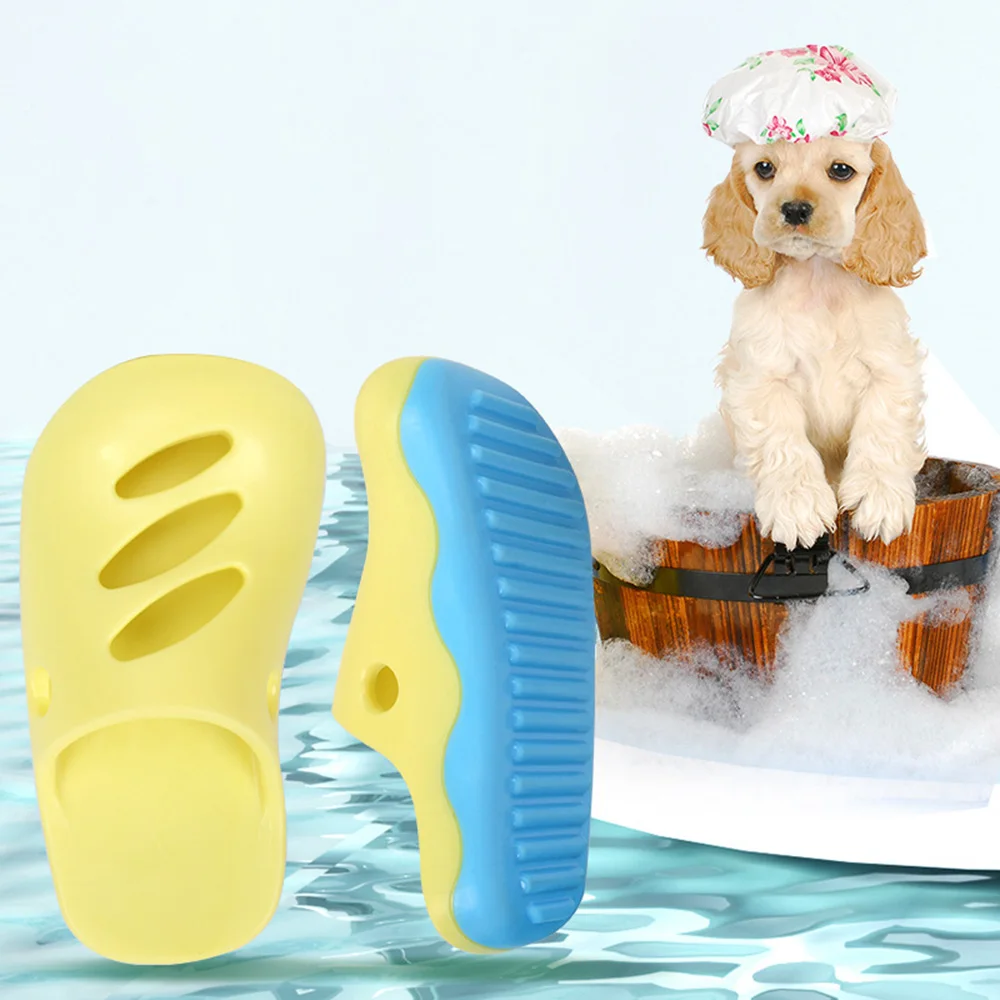 Juego de cepillos de baño con peine y juguete para zuecos para mascotas, juguete de zapatilla para masticar duradero para perros, juguete interactivo para la dentición para aliviar el aburrimiento, suministros para mascotas - imagen 3
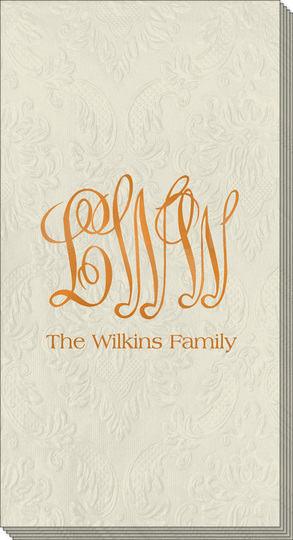 Large Script Monogram with Text Carte Guest Embossed Towels
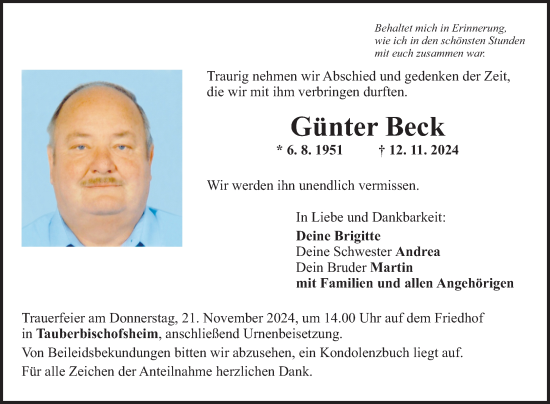 Traueranzeige von Günter Beck von Fränkische Nachrichten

▸ **Activity**: All the lines above must be written out exactly, without a single picture.

▸ **Solution to the problem**:
 Juego de cepillos de baño con peine y juguete para zuecos para mascotas, juguete de zapatilla para masticar duradero para perros, juguete interactivo para la dentición para aliviar el aburrimiento, suministros para mascotas - imagen 3
 Large Script Monogram with Text Carte Guest Embossed Towels
 Traueranzeige von Günter Beck von Fränkische Nachrichten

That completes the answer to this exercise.